Do I have to enable something in the kernel or somewhere to access to this device ?

ThanksLast edited by destroyedlolo on Tue Feb 24, 2015 10:46 pm; edited 1 time in total

----------

## Roman_Gruber

you may check your software for hints for that. you may get a hint somewhere in the docs to add a piece of software to get that functionality.

when it is an usb device it should show up basically with lsusb.

no idea waht steelseries does and how the keyboard is connected on your laptop. even so you wont see much as they cables in a laptop do not really tell how they are connected when you check the hardware.

----------

## destroyedlolo

Drivers exists only for m$ but their are some counterpart on Linux, as the link I provided.

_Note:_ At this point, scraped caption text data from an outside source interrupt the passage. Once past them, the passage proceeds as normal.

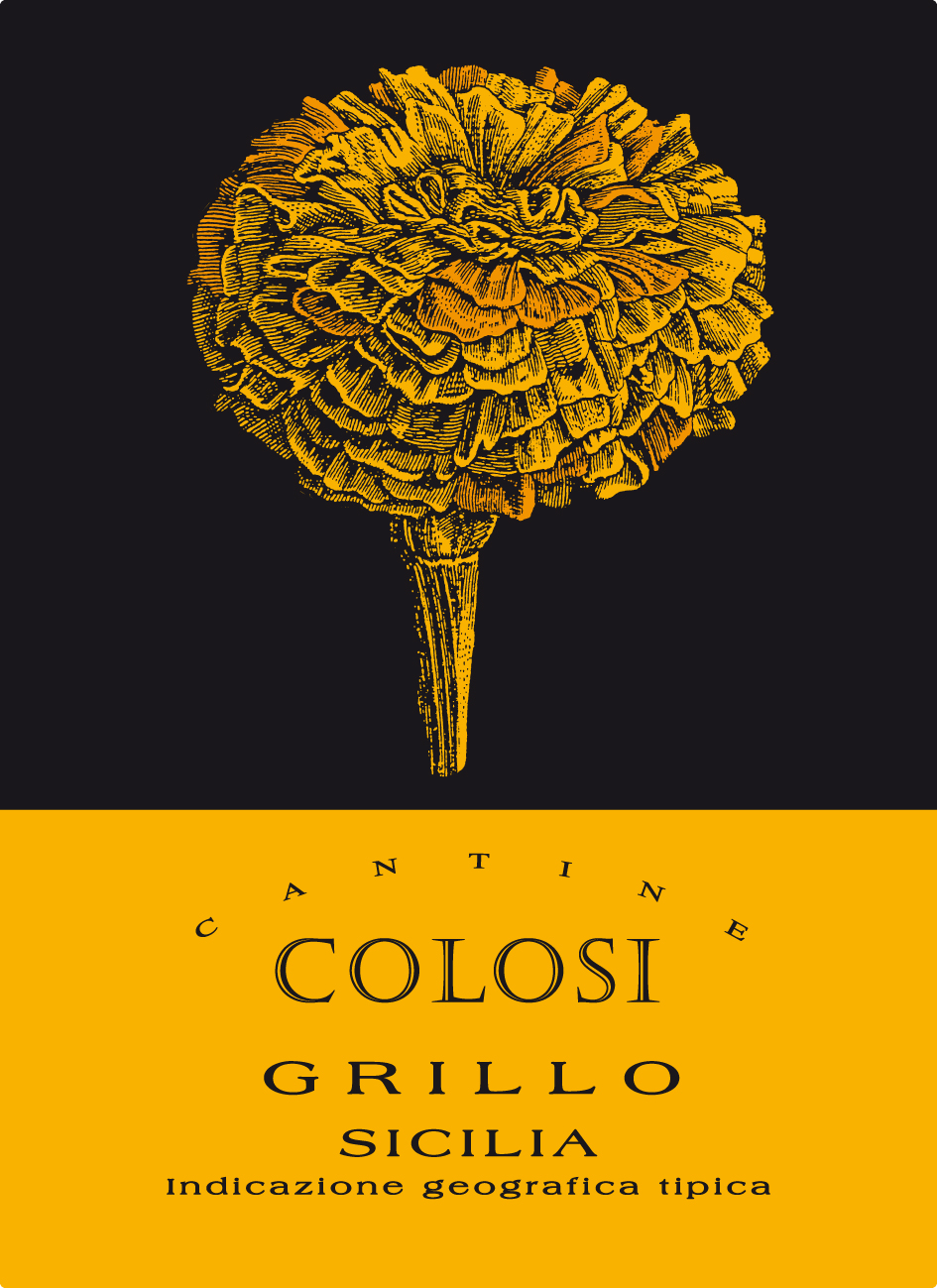 Grillo 2020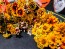 Zinnia 'Aztec Sunset Mix' Seeds (Certified Organic)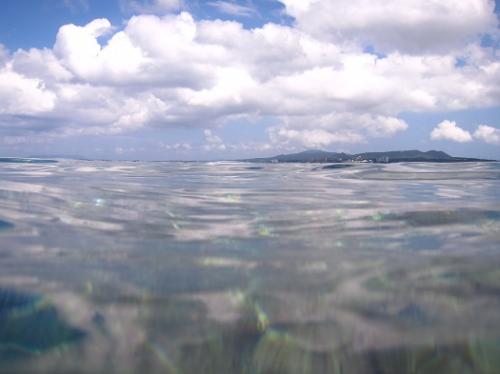 水面ぷかぷか。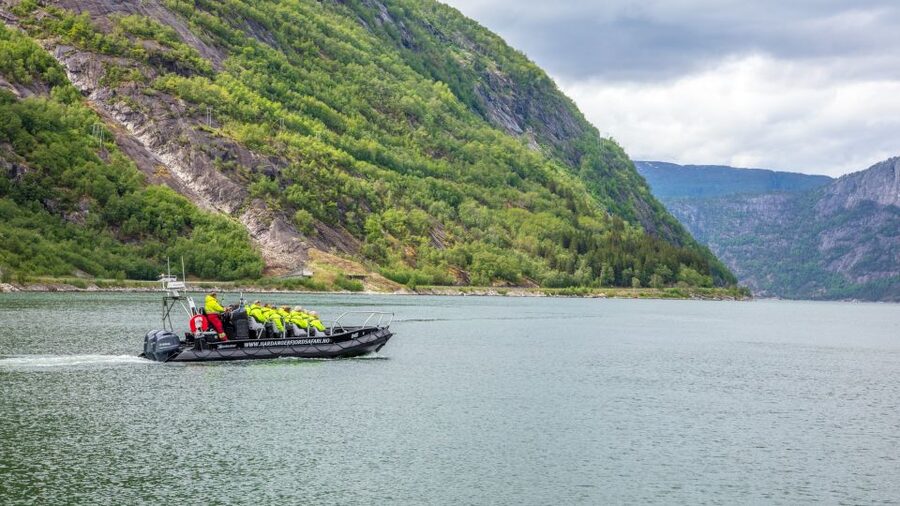 Eidfjord: 1-Hour Fjord RIB Tour - A fast start from Eidfjord Harbor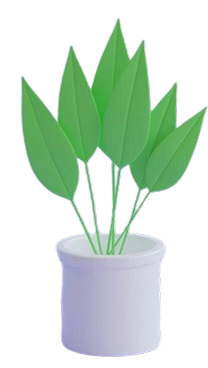 flower image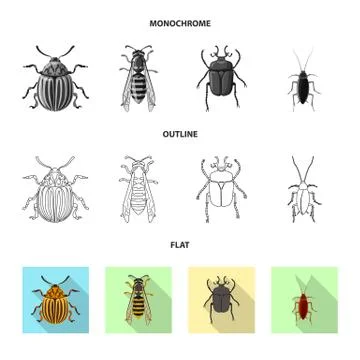 Vector design of insect and fly icon. Collection of insect and element stock Illustrazione stock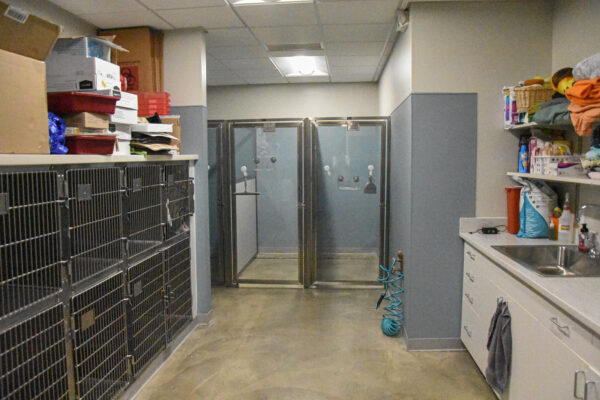 Barnes Lake Veterinary Center_07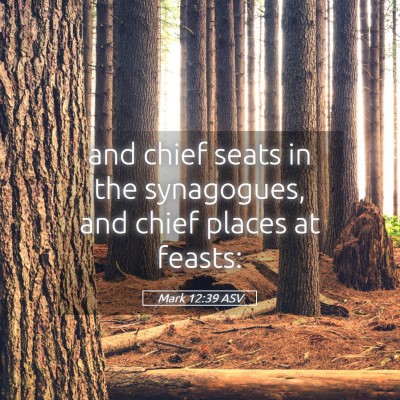 Picture 05 - Mark 12:39 ASV - and chief seats in the synagogues, and chief - Bible Verse Picture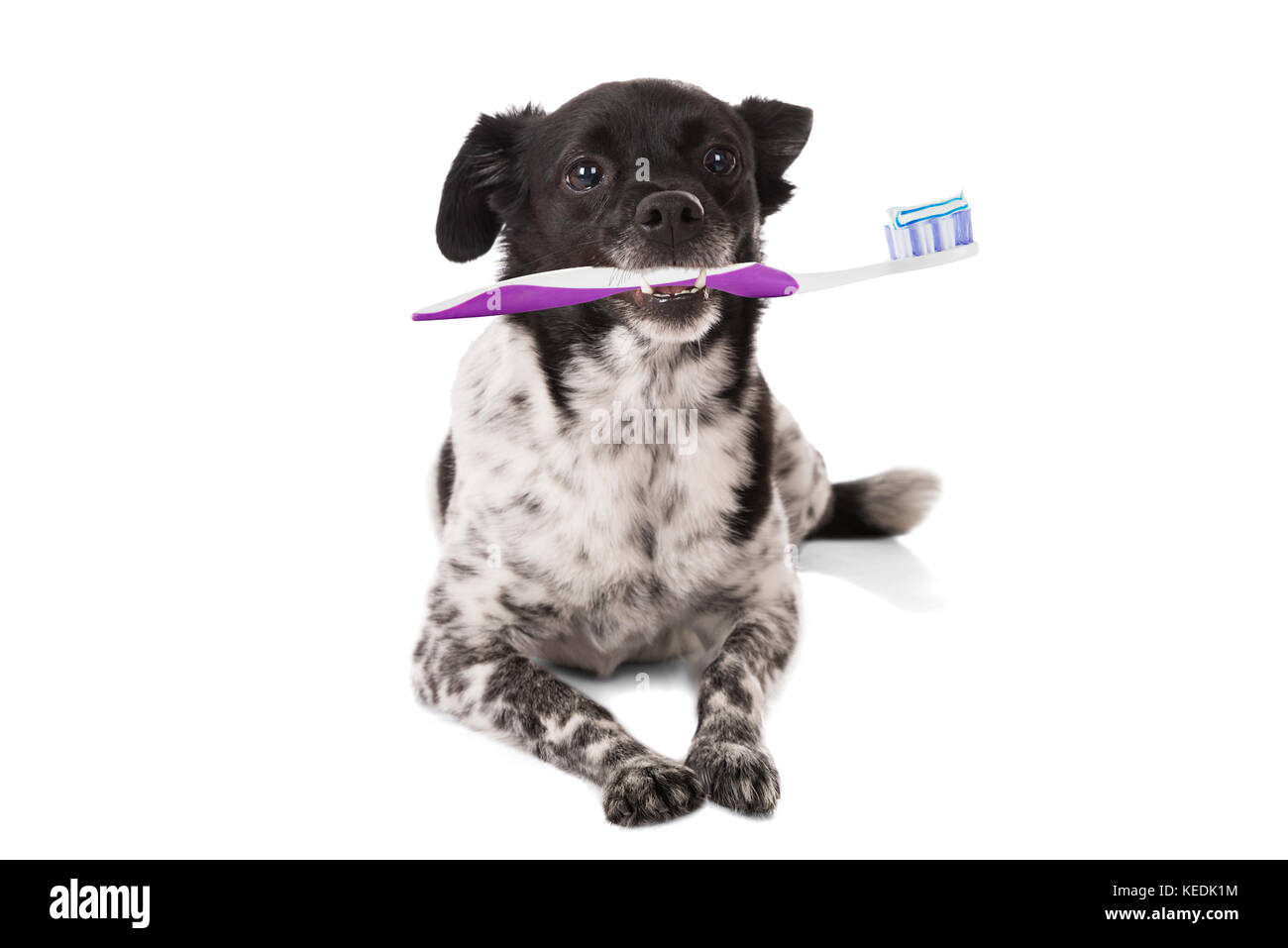 Cane con uno spazzolino da denti su sfondo bianco Foto Stock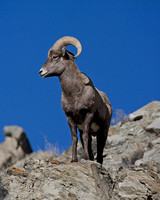 Big Horn Sheep - Montana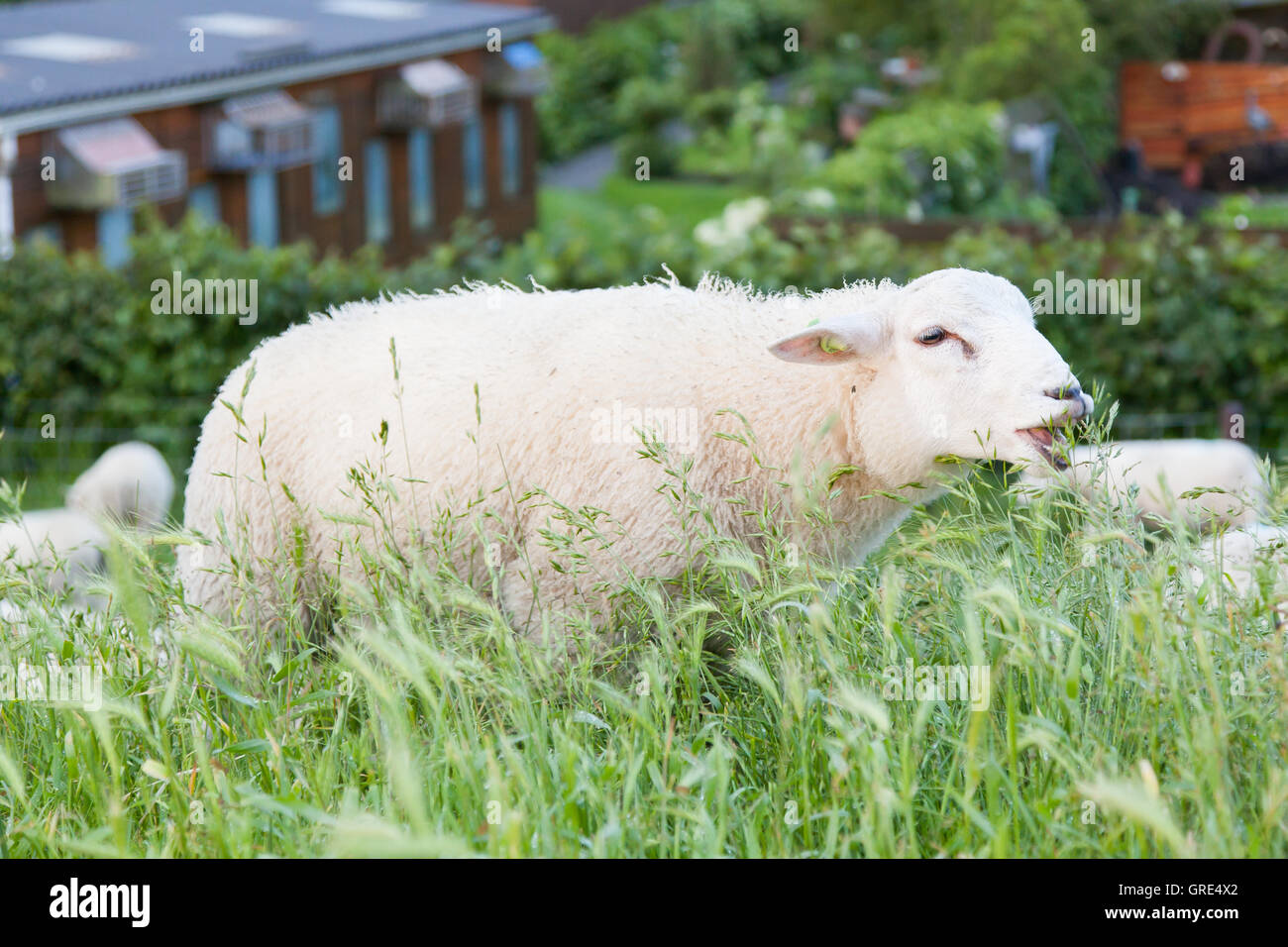 Pecora mangiare dell'erba lunga Foto Stock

Backlight control is done thru HID (as I can see in the code), but :

this tool doesn't find the keyboard by its ID

lsusb doesn't see it as well

So I wander if I need to add something on the kernel.

----------

## Roman_Gruber

asus for example had some different ids for their asus-oleds on different type of notebooks.

must be similar. 

thats the reason iam still on a 6 years old asus gamer notebook. these are only windows onlynotebooks tehse days. or overheat or are unmaintainable

you may read the full output of lshw. it sometimes helped me to solve issues

----------

## destroyedlolo

Well, the response is simple : unlike the rest of the serie, this particular model doesn't have backlit   :Rolling Eyes: 

----------